La cultura è un flusso continuo che dall’Oriente segue il corso del sole fino all’Occidente. “Questo sosteneva Hegel, l’Occidente come sera della civiltà. Una sera che non conoscerà mai notte, lo stadio più maturo. Ma quanto può durare? La risposta che la cultura dell’Occidente non ha mai dato. Oggi la cultura occidentale è la koiné, è il basic English, insomma la base culturale comune (con sacche di resistenza, sicuramente) del mondo. Il progresso moderno è insegnato ovunque, ma al tempo stesso ci sono movimenti contrari. Francis Fukuyama aveva parlato della ‘fine della storia’ con la vittoria del liberalismo statunitense sul comunismo sovietico negli anni ’90: abbiamo finalmente trovato le strutture e le istituzioni migliori, bisogna solo gestirle al meglio (con queste stiamo risolvendo tutti i problemi del mondo: la povertà, le malattie, ecc.).
Il Faust e il destino dell’Occidente. “La natura umana mai sazia, questo intende significare Goethe, nel far dire a Mefistofele che niente dovrà mai soddisfare Faust. Così l’Occidente è condannato ai risultati continui, a vivere continuamente il superamento del limite. Ma, così, abbiamo sfruttato il mondo fino all’osso. Anche se gli abbiamo dato molto, ora che il resto del mondo è diventato simile a noi… reclama la sua fetta di torta. Abbiamo tentato col neocolonialismo di perpetuare il nostro dominio (pensiamo al franco CFA che ha dominato con la moneta le ex colonie francesi), in fenomeni in cui ci sono peraltro molte delle radici delle migrazioni di cui tanto parliamo. E gli Usa non sono ormai più una potenza con un distacco indiscutibile sugli altri. Eppure, un sistema pluralistico non si sta ancora formando. La Russia ha tentato di riprendere il territorio politicamente perduto ma, se il vecchio equilibro è rotto, il nuovo stenta a nascere.

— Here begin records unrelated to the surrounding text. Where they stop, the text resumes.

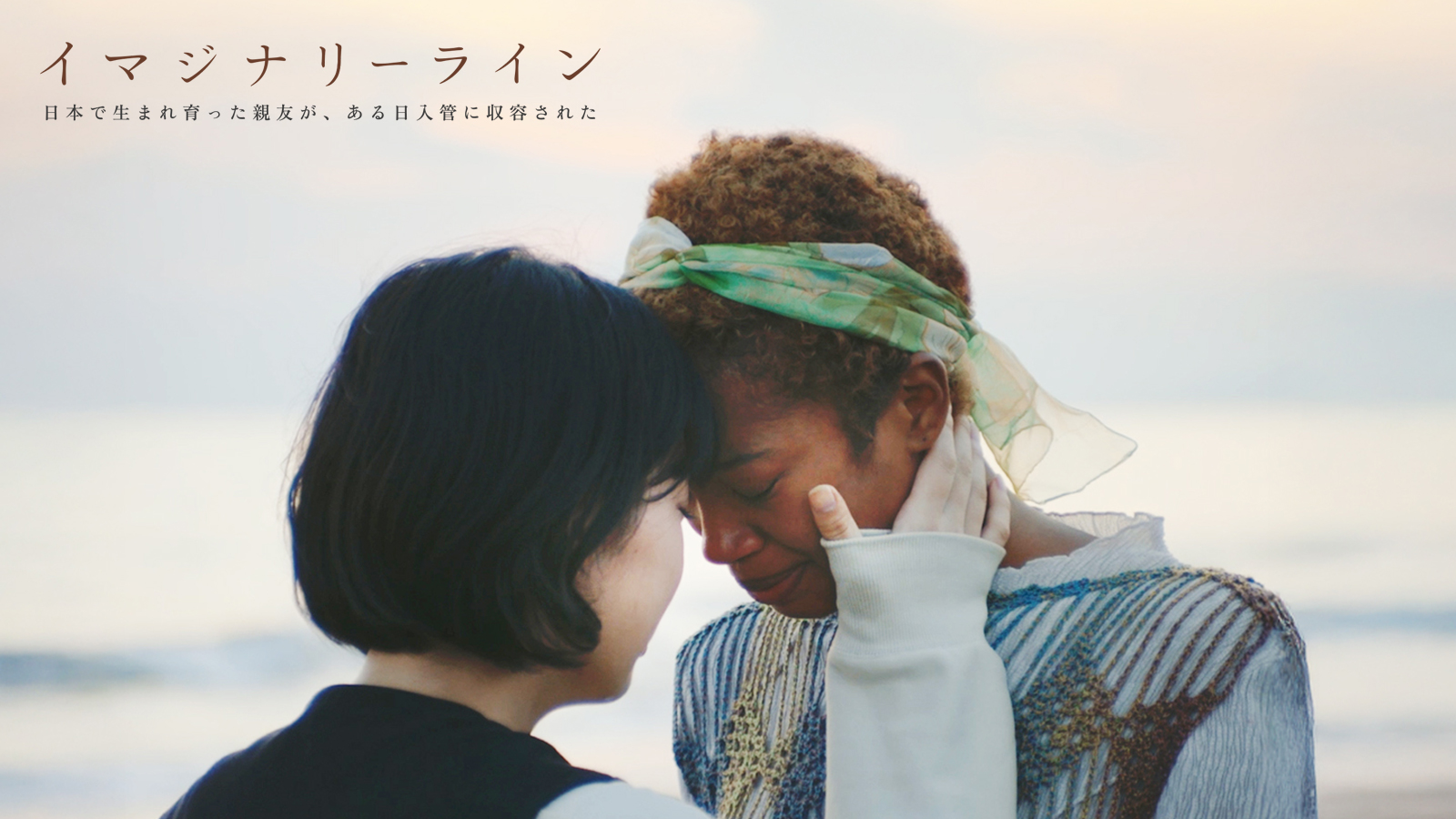 イマジナリーライン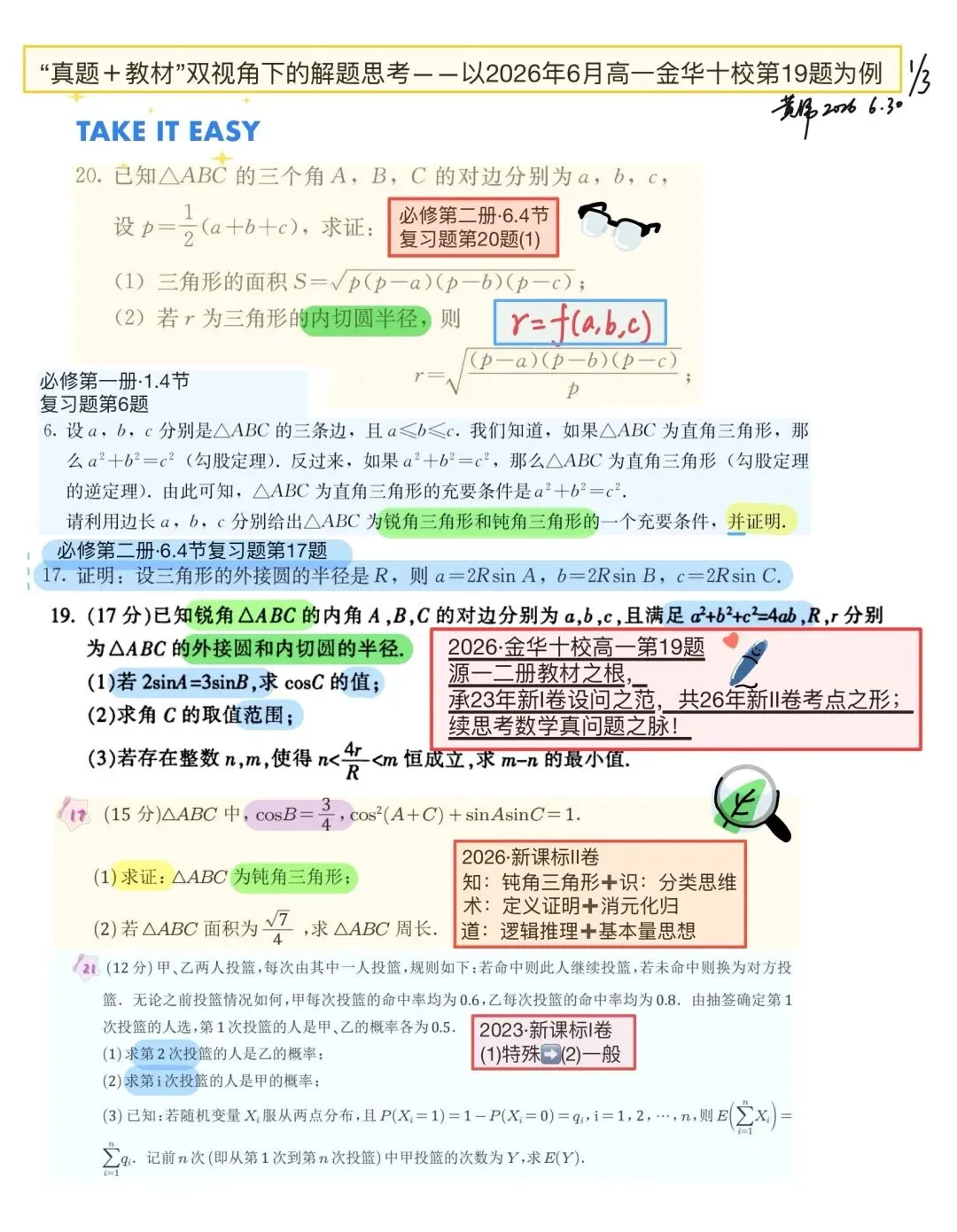 思命题之心,品真题之味——“数学真问题”视角下的金华十校高一期末第19题-第1张图片-四季读书网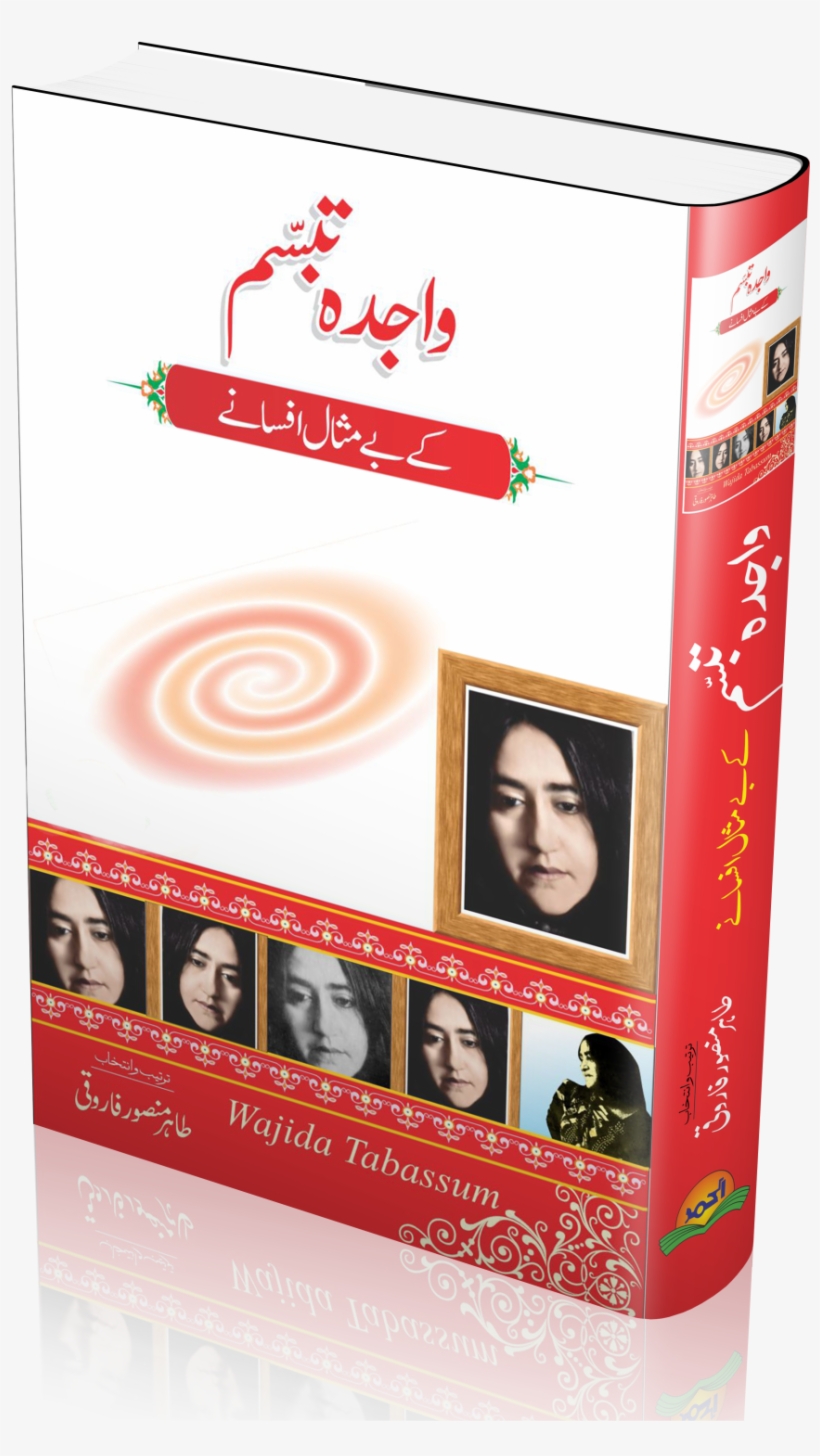 Bemisal Afsane - Graphic Design, transparent png download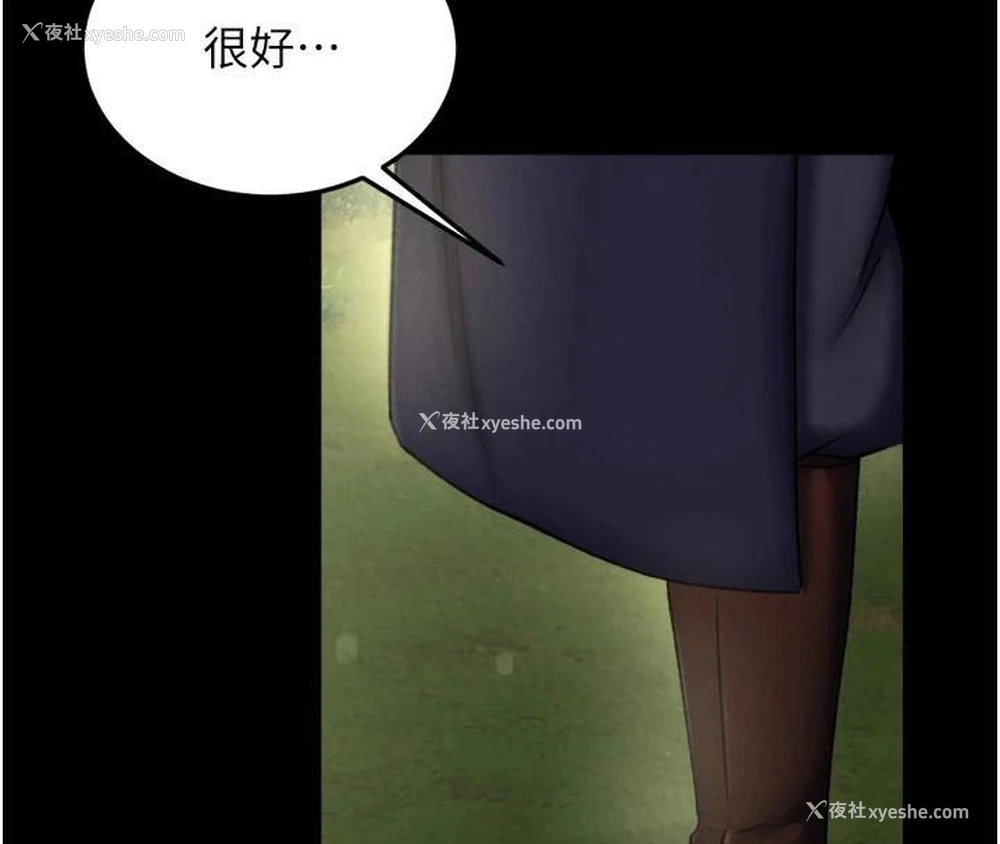 137P - 射雕英雄传：一捅天下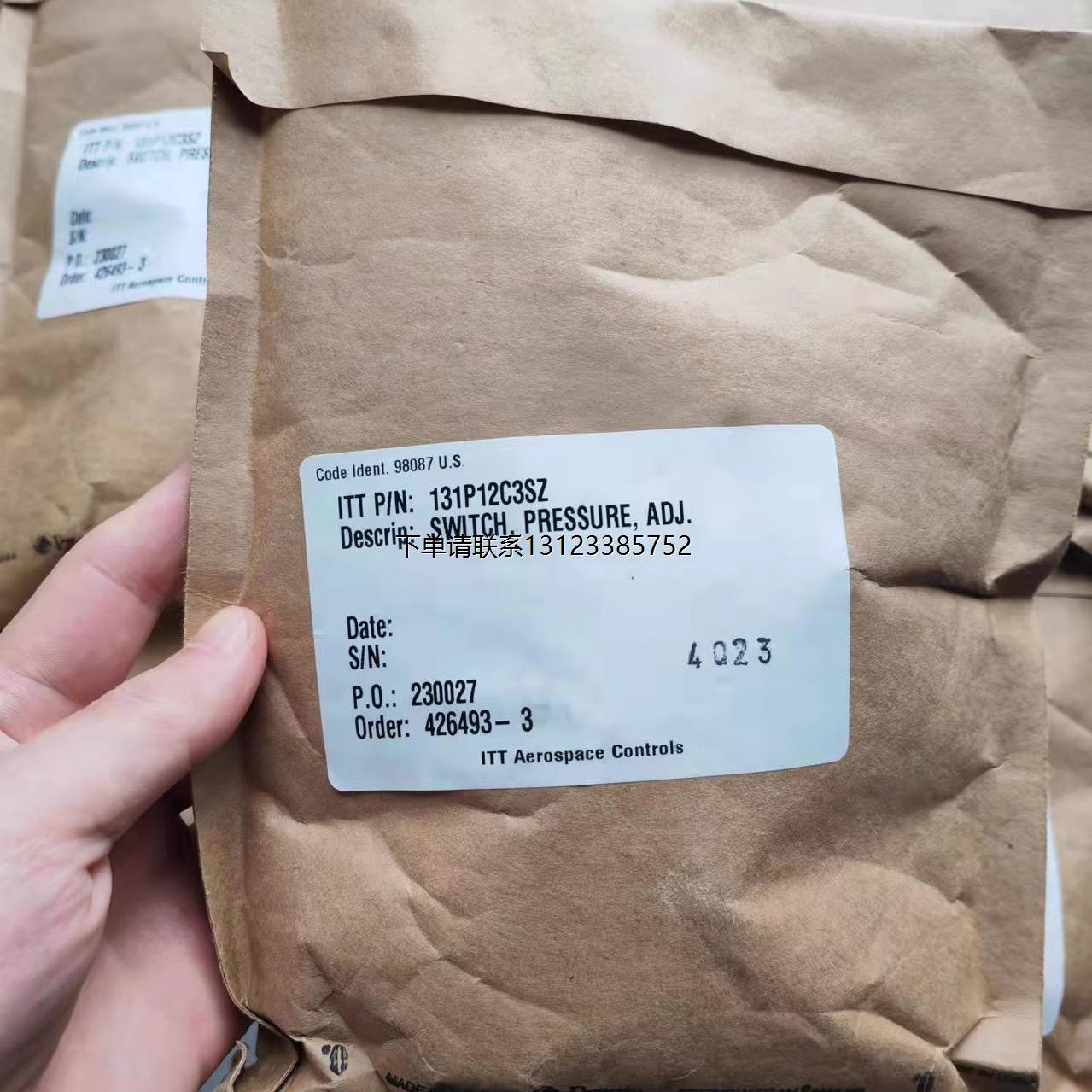 询价美国ITTNeo-Dyn压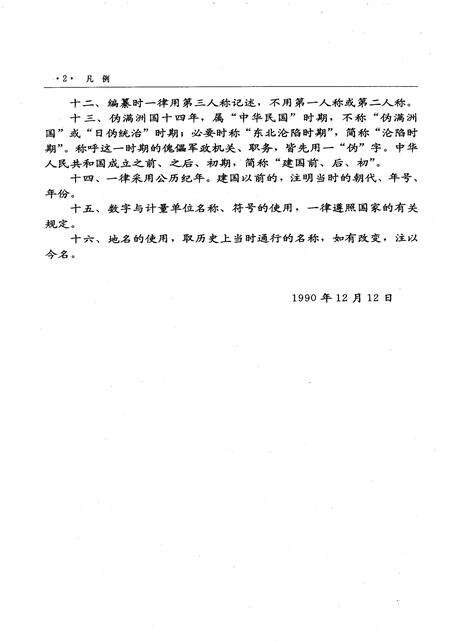 1997-鞍山市志  商业卷.pdf电子版_辽宁省志预览图5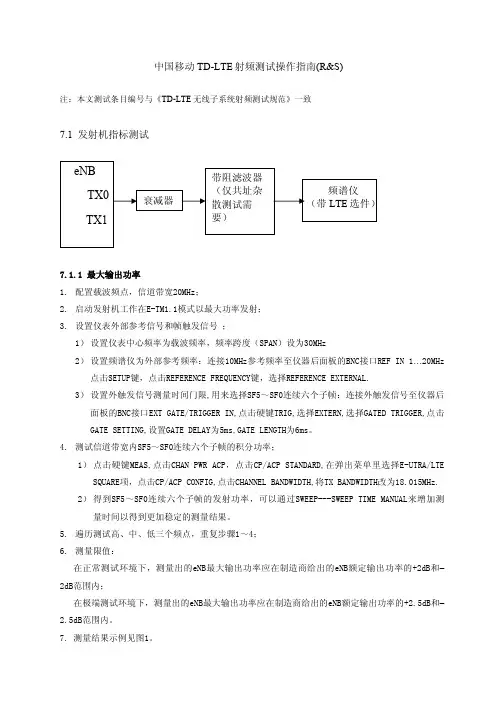 lte射频测试仪器操作使用指南（rs）
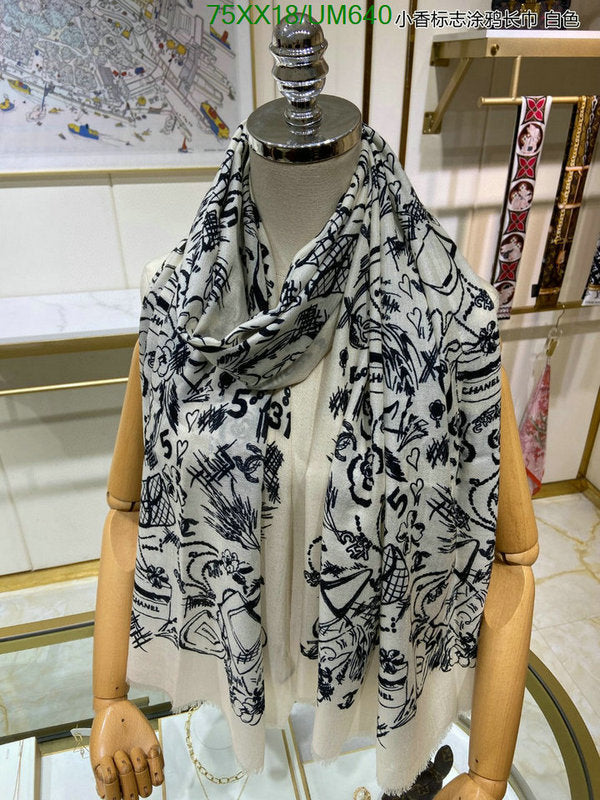 SAMC - CHL Scarves - 483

E questo colpisce la realtà occidentale. Questo Occidente – che è fatto da Usa, da tutta l’anglosfera e poi dall’Europa… – va alla deriva perché non riesce a cogliere le differenze (è diverso nel rapporto col religioso e nella sua tipologia, nella concezione dell’individualismo, ecc.) fra le sue componenti interne e a concepire un rapporto diverso col resto del mondo, pensiamo ai Brics. E lo spettro della guerra sta tornando”.
Non una conclusione, ma una transizione. “I libri, d’altronde, nascono già vecchi. Un grande storico, demografo, antropologo francese come Emmanuel Todd ha fatto uscire, e sta per arrivare in libreria la versione italiana per Fazi editore, un libro migliore, dal taglio più fenomenologico rispetto al mio. Se ve ne devo consigliare uno, leggete quello! Che stasera, comunque, non ho voluto parlare del mio libro”.